In an order issued today without comment or explanation, the U.S. Supreme Court declined to hear a high-profile First Amendment case challenging a California school district which banned several students from wearing shirts bearing the image of the American flag.

The case originated in 2010 when the Morgan Hill Unified School District forbid several students from wearing American flag-themed shirts on Cinco de Mayo over fears that their attire would spark racial violence between white and Hispanic students. School officials told the offending students to either turn their shirts inside out or go home. The students went home and subsequently filed a legal challenge alleging that the First Amendment had been violated because the school allowed a "heckler's veto" to trump their rights to peaceful free expression.

In February 2014, those students lost at the U.S. Court of Appeals for the 9th Circuit. "School officials anticipated violence or substantial disruption of or material interference with school activities, and their response was tailored to the circumstances," the 9th Circuit declared in Dariano v. Morgan Hill Unified School District. "As a consequence, we conclude that school officials did not violate the students' rights to freedom of expression."

Notably, the 9th Circuit claimed that its ruling should be distinguished from the U.S. Supreme Court's landmark 1976 precedent in Tinker v. Des Moines Independent Community School District, in which the Court invalidated the suspension of three public school students for wearing black armbands in silent protest of the Vietnam War. According to the Supreme Court in Tinker, while school officials may have based their actions "upon their fear of a disturbance from the wearing of the armband... in our system, undifferentiated fears or apprehension of disturbance is not enough to overcome the right to freedom of expression."

To say the least, the 9th Circuit's judgement in Dariano would appear to be in conflict with the central free speech holding of Tinker. In fact, none other than Mary Beth Tinker and John Tinker, two of the original plaintiffs from that 1976 case, filed a friend of the court brief supporting the students against the Morgan Hill Unified School District in their appeal to the U.S. Supreme Court.

"If students learn that threatening speakers is an effective way to suppress speech," the Tinkers told SCOTUS, "this will produce more threats, and more suppression of a wide range of other speech. And beyond this, even peaceful students will learn that free speech must yield whenever its opponents are willing to threaten violence—a message antithetical to all things this Court has tried to convey about the First Amendment."

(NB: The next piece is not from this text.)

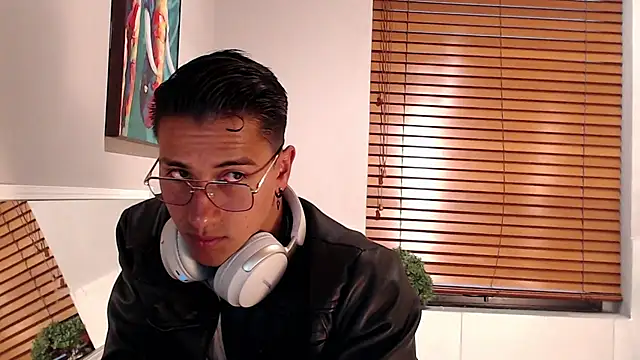 Snapshot of Andy_Joy_ chatting on 09/23/25, 11:39 Andy Joy online show from 09/23/25, 11:39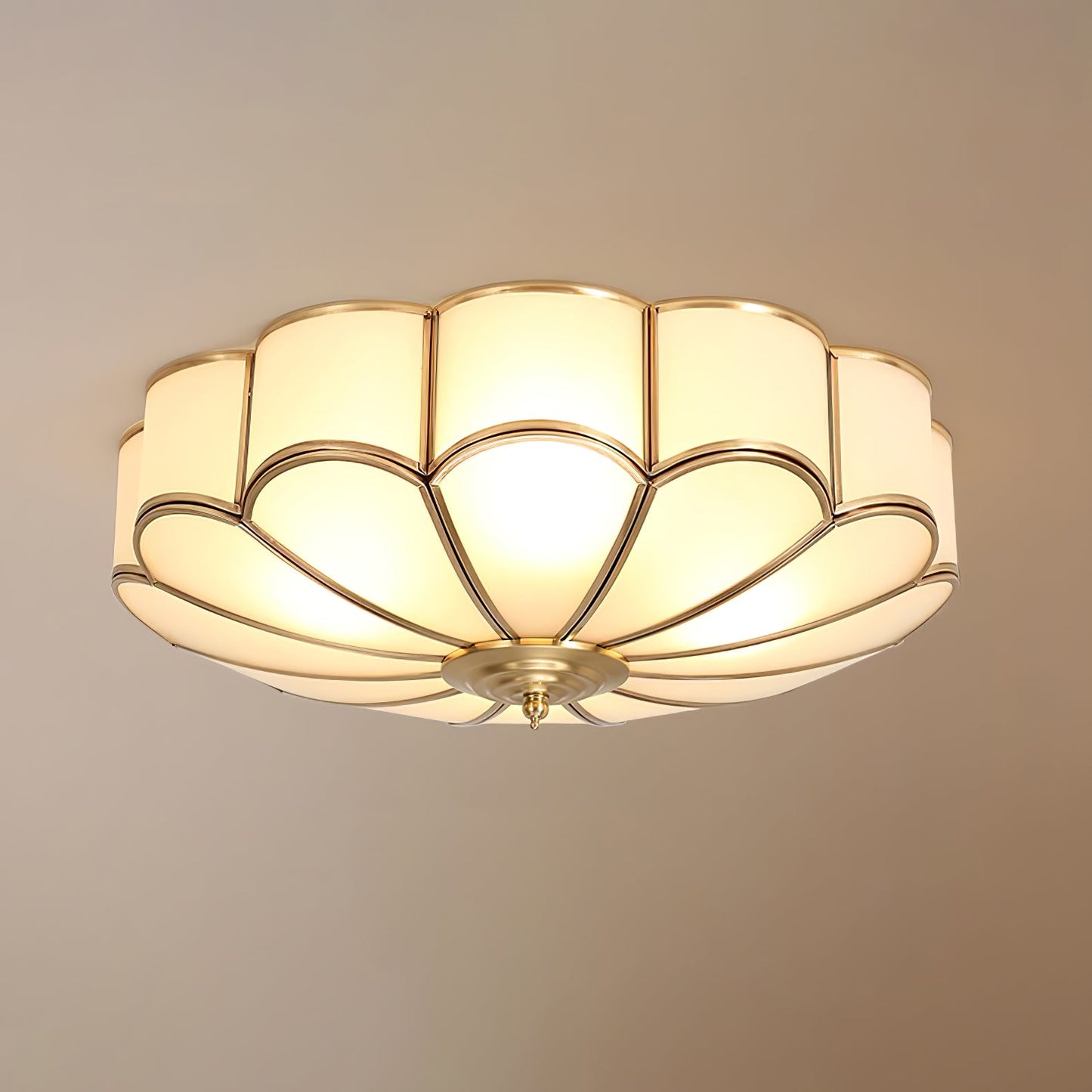 Inbouw Plafondlamp van Glas in Bloemvorm – Messing Afwerking met Luxe Postmoderne Stijl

Yet despite these strong free speech arguments, and despite the 9th Circuit's questionable adherence to First Amendment precedent, the U.S. Supreme Court declined to hear the case. Today's order leaves the 9th Circuit's decision in place.

SOURCE

11 comments:

Anonymous said...

What has to happen now is that students have to raise a ruckus and disrupt the school on days when other people where flags on their shirts.

Shame on the 9th Circuit and the SCOTUS for not realizing that this case was not about the wearing of flags selective censorship by the government which has long held to be unConstitutional.

Anonymous said...

The Ninth Circuit Court has a long history of being wrong !

stinky said...

The suppression of free speech was for convenience, to avoid "disruption."

But they're too cowardly to even admit it.

(And I suppose we don;t even need to ask why an American flag would interfere with a Mexican celebration of a victory over the French, eh?)

President Not Sure said...

Pretty soon it will be law for all white people to just hand out large sums of cash to random minorities on the street, lest they resort to violence and start killing people.. We cant have that..

Bird of Paradise said...

Soon they'll replace the 4th of July with Cino Demayo or Earth Day

Anonymous said...

The people wearing the shirts are not even the ones expected to cause "disruption". They were expecting others who were offended by our flag to cause the problem. How about dealing with the actual"disrupters"? Of course, the educrats are ashmed of America anyway so none of this is surprising.

Anonymous said...

Tell the Mexicans to assimilate or emigrate back home. Time to enforce that there is only one national language and that is English. Want to end up like Canada and split the country with the Frog's?

Anthony Billings said...

This year on Cinco de Mayo there should be hundreds of U.S. flags on display throughout the school, every school.

Flu-Bird said...

Since when did the notorius 9th circutt court slip some of its robed monkeys into the supreum court? perhaps its Eric the Dread?

Anonymous said...

Do the schools fly the US flag on cinco de mayo? If they do, they have no right to limit the students.

slinky said...

I like Cinco de Mayo. Margaritas and nachos, baby. Get drunk and don't give a funk.